[Data extracted from a collection]
########################################

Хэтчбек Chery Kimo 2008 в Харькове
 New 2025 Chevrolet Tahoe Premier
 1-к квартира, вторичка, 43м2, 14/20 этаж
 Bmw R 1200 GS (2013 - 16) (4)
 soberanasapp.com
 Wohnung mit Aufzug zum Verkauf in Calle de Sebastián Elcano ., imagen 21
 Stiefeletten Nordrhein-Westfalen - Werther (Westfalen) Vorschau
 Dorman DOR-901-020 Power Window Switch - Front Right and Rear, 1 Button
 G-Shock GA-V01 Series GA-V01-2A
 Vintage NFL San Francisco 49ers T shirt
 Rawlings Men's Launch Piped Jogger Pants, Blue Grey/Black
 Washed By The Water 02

########################################

### What is being asked
Please print out every record exactly as it is written.

### Solution for this exercise
Хэтчбек Chery Kimo 2008 в Харькове
 New 2025 Chevrolet Tahoe Premier
 1-к квартира, вторичка, 43м2, 14/20 этаж
 Bmw R 1200 GS (2013 - 16) (4)
 soberanasapp.com
 Wohnung mit Aufzug zum Verkauf in Calle de Sebastián Elcano ., imagen 21
 Stiefeletten Nordrhein-Westfalen - Werther (Westfalen) Vorschau
 Dorman DOR-901-020 Power Window Switch - Front Right and Rear, 1 Button
 G-Shock GA-V01 Series GA-V01-2A
 Vintage NFL San Francisco 49ers T shirt
 Rawlings Men's Launch Piped Jogger Pants, Blue Grey/Black
 Washed By The Water 02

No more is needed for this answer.